Третий визит нужно было сделать одному бывшему влиятельному лицу в городе.
Пока я дошел до него — уже совсем почти смерклось. На бульваре попались два-три чиновника с женами, а за бульваром пошли заборы и фабрики; улица усажена липами; у ворот большого каменного дома толпятся люди. Я подошел к одному, дворнику, и спросил: «Дома ли**?» Дворник пристально посмотрел мне в лицо и тоже спросил:
— Ты от кого?
— Сам от себя.
— Зачем?
— Дело есть.
— К самому?
— К самому.
— Сам-то он у нас не любит, у нас все в контору! Ну, да вот я как тебе скажу. Слушай! Коли хочешь ты себе добра, — ступай ты, — вон видишь подъезд, — стань ты у подъезда и дожидайся. Он сейчас выйдет, — вон лошадь подана. Как выйдет, чтобы ты был тут безотменно и сейчас можешь просить, что тебе нужно. Ну не мешкай, ступай! Я вижу, ты парень хороший.
Поблагодарив дворника за добрый совет, я, однако, вошел на крыльцо и позвонил. Вышел лакей.
— Дома?
— Пожалуйте! Я сейчас узнаю.
Я вошел в приемную, большую комнату с лоснящимся полом, старинной мебелью и фарфоровыми игрушками на горках. Лакей пошел с принесенным мною письмом и через несколько минут возвратился, говоря, что скоро выйдут, — занимаются. В ожидании выхода я стал ходить по комнате. Из приемной дверь отперта в большую залу, выкрашенную желтой краской, на стенах газовые рожки и узенькие старинные зеркала в позолоченных рамах, пахнет киндер-бальзамом. Минут через десять вышел ко мне человек лет сорока пяти, с небольшой лысиной и недоумевающим лицом, держа в руках мое рекомендательное письмо. Мы вошли в залу и сели у окна.

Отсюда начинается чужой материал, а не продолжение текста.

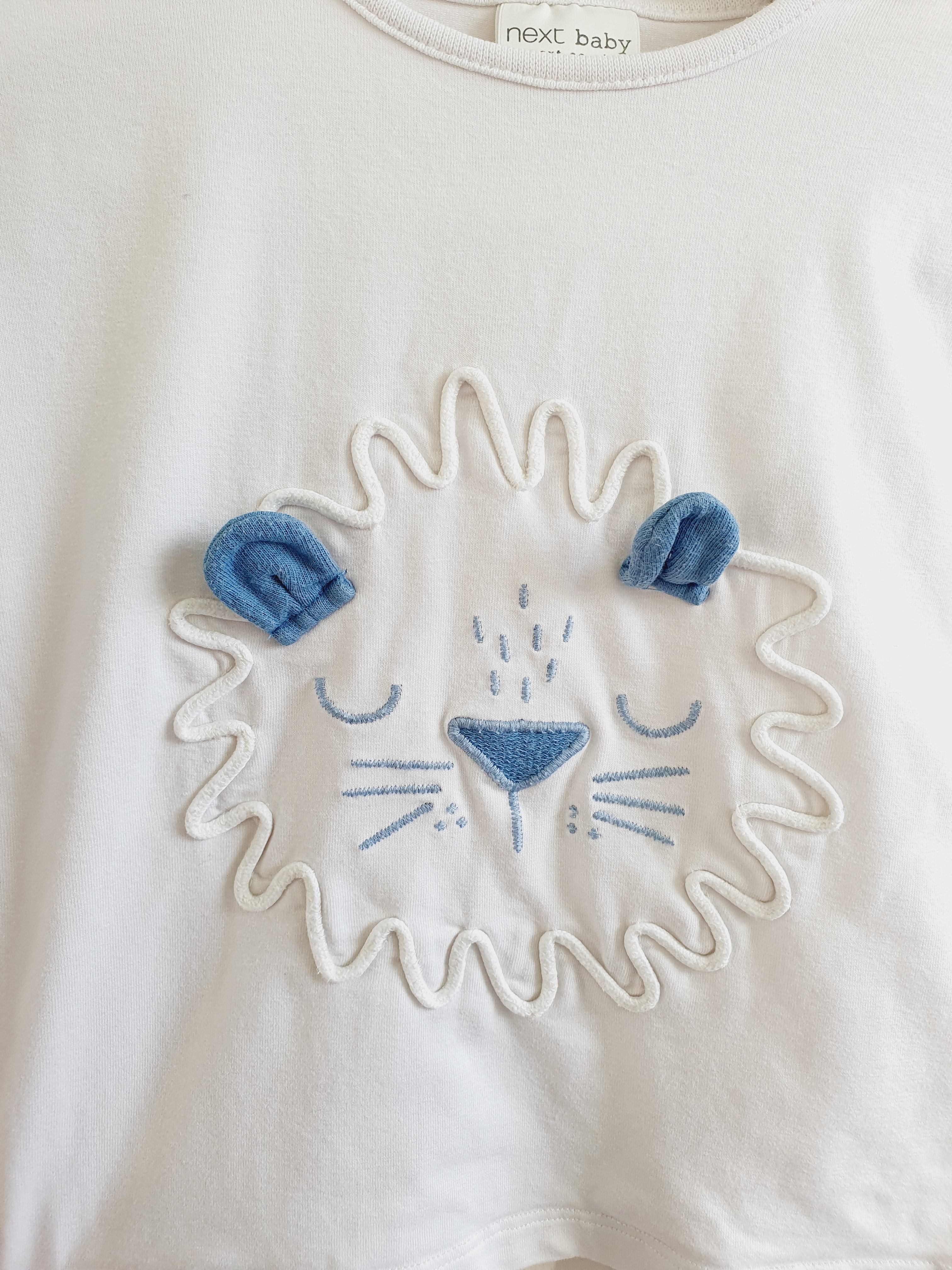 Next lion embroidered long sleeve top 6-9 months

— Вы… — начал он, — вы, как я понял из письма, определяетесь к нам в город учителем?..
Я вытаращил глаза.
— Как? неужели это могло быть написано в письме?!
Но в ту же минуту я догадался, в чем дело. Ясно было, что он не понял написанного в письме. Взглянув пристально в лицо человеку, который сидел против меня и в недоумении смотрел мне в глаза, я сообразил, что он легко мог спутать выражения изучать город и учить в городе. Такая ошибка вовсе не удивительна в человеке, который, как видно, никогда никого не учил и ничего не изучал. Однако я поспешил разрешить недоразумение и тут же стал объяснять, зачем, собственно, я приехал в Осташков. Но в то же время мне пришло в голову: если уж этот господин, на которого главным образом возлагались мои надежды, так дико отнесся к моему делу, чего же ждать от других? От него я надеялся получить разные официальные сведения, и, кроме того, меня уверили, что он, с своей стороны, может сообщить мне много интересного, как человек влиятельный и коротко знающий по крайней мере современную ему эпоху из истории цивилизации Осташкова.
— А! да-с; я понимаю-с, понимаю-с, — заговорил он скороговоркой. — Это значит — вам нужны сведения. В таком случае не угодно ли вам будет обратиться в нашу контору: там вам все это… да там уж знают-с. У нас бывали такие случаи. Это можно-с. Очень хорошо-с. Я велю-с.
И все это так скоро, скоро, с озабоченным видом. Самое благоразумное, что можно было сделать после такого полезного разговора, это — поблагодарить за обещание и удалиться, что и сделал я. Тем и кончились в этот день мои покушения на знакомство с осташковскими властями.
Письмо третьеШКОЛЫ
В продолжение этой недели я видел и слышал столько, что вдруг всего и сообразить не могу. А тут еще скверная привычка — систематизировать все на свете и от всякого вздора добиваться смысла, — только сбивала меня с толку. Беспрестанные противоречия и в словах и на деле с каждым днем осложняются все больше и больше, а вместе с ними сильнее и неотступнее мучит меня вопрос: что такое Осташков? И чем проще стараюсь я разрешить его, тем более теряюсь в этой путанице противоречий, которые как нарочно случаются самым непонятным, самым невозможным образом. Наконец, мне приходило в голову, что все эти господа, с которыми я здесь вижусь, — все более или менее врут. Убедившись в этом, я взялся за факты, за цифры — и они врут! Понимаете ли? врут официальные сведения, врут исследования частных лиц, врут жители, сами на себя врут. Вы понимаете, как это должно раздражить любопытство, как это поголовное вранье подстрекает и поддразнивает, и до какой степени вопрос, — что такое Осташков? — становится интересным. Теперь я решился просто записывать, что вижу и слышу, записывать все, не сортируя, не анализируя фактов и слухов. Делайте с ними что хотите, освещайте их как угодно; я буду только записывать.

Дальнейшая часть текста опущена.